Only certain lines below are wanted: those starting at the line containing "Antique dog print" and ending at the line containing "What Is a Black Swan Event?", both included, each retyped exactly.

◆ GIVEN DATA ◆
-- -- --
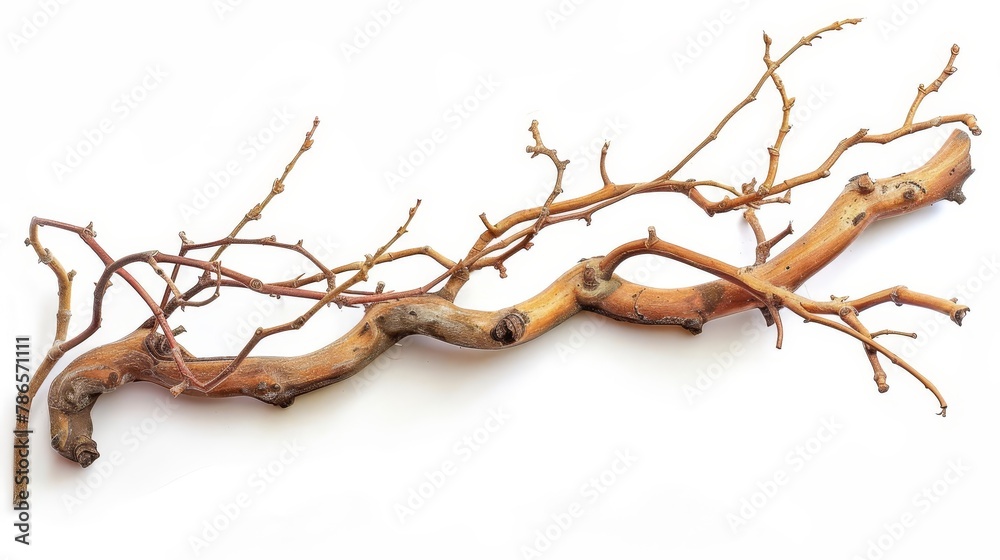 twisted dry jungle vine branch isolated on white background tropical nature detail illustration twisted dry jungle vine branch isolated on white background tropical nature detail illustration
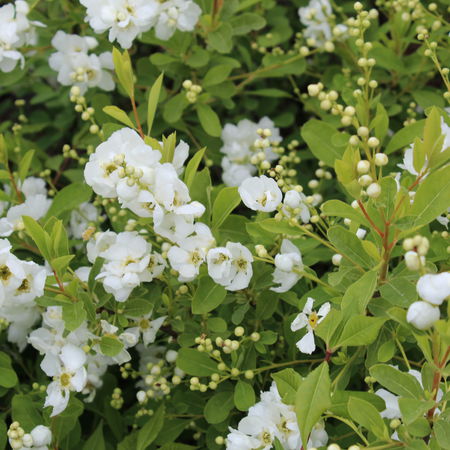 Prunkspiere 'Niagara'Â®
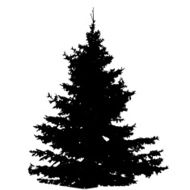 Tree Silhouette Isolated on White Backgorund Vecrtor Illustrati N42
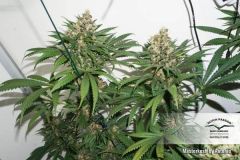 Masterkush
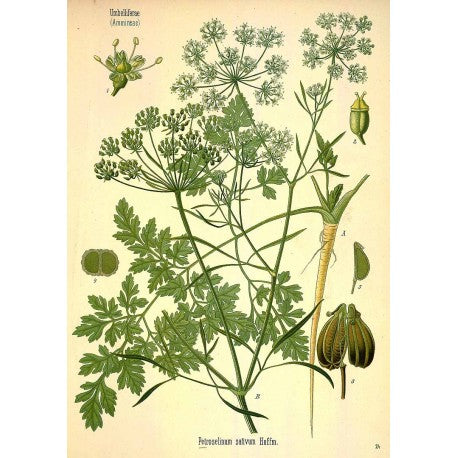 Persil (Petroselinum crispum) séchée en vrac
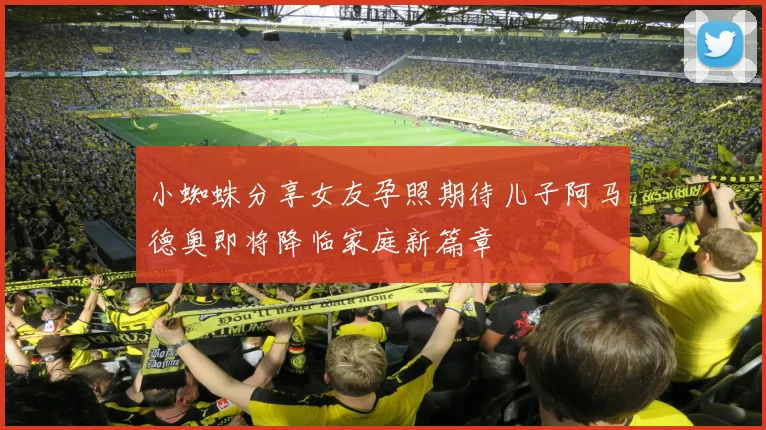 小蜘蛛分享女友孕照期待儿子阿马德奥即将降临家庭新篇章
-- -- --
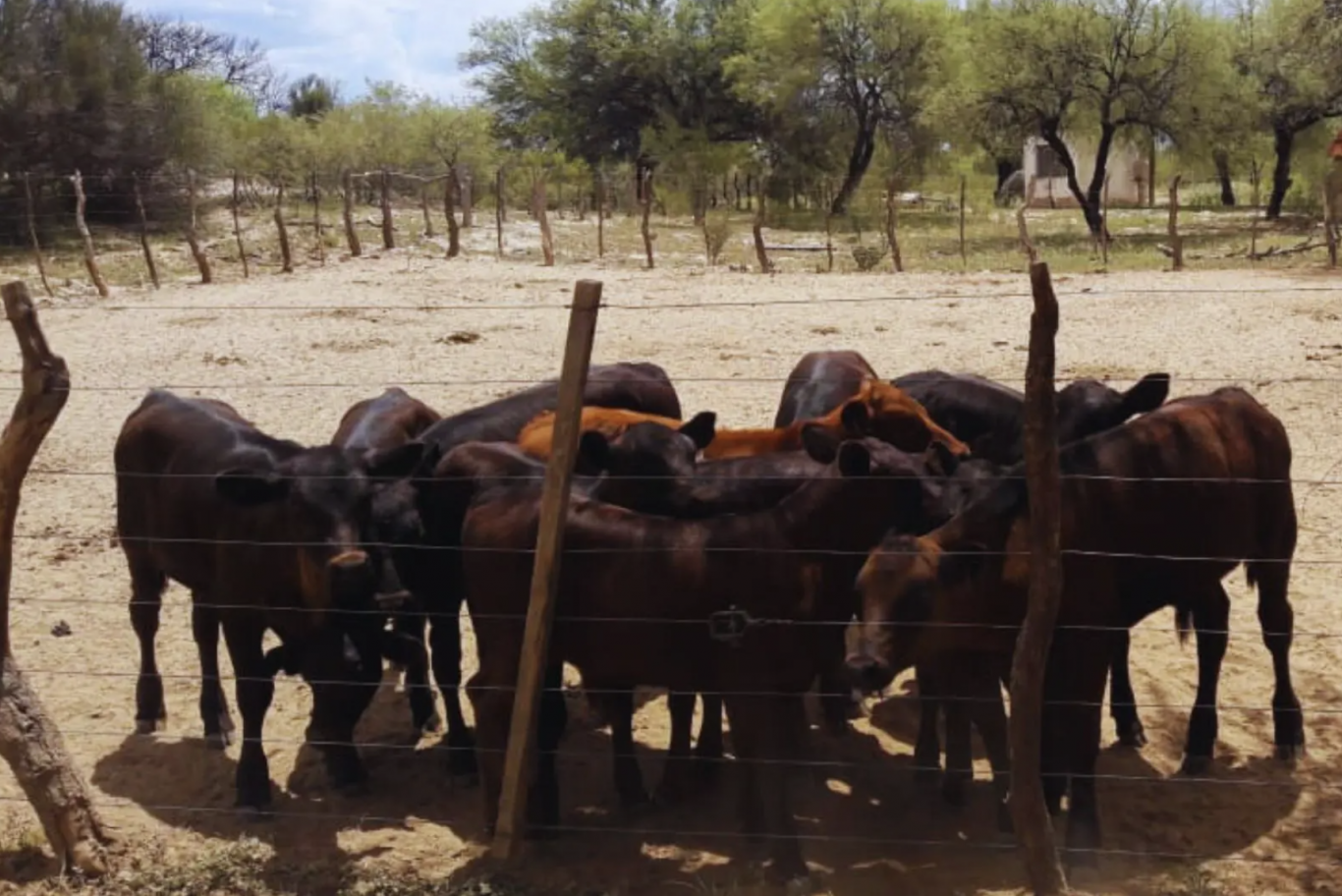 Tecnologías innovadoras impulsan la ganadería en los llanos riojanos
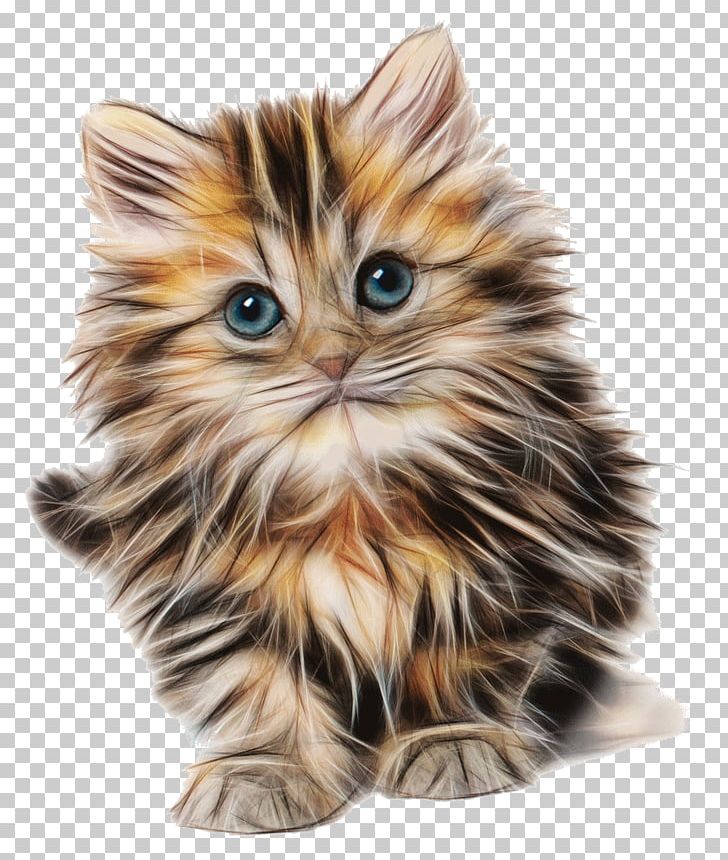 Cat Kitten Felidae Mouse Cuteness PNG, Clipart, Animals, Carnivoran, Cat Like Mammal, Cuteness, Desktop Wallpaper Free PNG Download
-- -- --
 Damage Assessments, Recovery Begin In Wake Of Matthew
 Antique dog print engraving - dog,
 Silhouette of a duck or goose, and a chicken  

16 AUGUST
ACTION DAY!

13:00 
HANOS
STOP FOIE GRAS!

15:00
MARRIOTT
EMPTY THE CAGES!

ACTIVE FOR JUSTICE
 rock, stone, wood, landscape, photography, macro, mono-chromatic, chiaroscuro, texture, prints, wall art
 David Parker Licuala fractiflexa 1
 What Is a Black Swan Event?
-- -- --
◆ ANSWER TO THIS TASK ◆
 Antique dog print engraving - dog,
 Silhouette of a duck or goose, and a chicken  

16 AUGUST
ACTION DAY!

13:00 
HANOS
STOP FOIE GRAS!

15:00
MARRIOTT
EMPTY THE CAGES!

ACTIVE FOR JUSTICE
 rock, stone, wood, landscape, photography, macro, mono-chromatic, chiaroscuro, texture, prints, wall art
 David Parker Licuala fractiflexa 1
 What Is a Black Swan Event?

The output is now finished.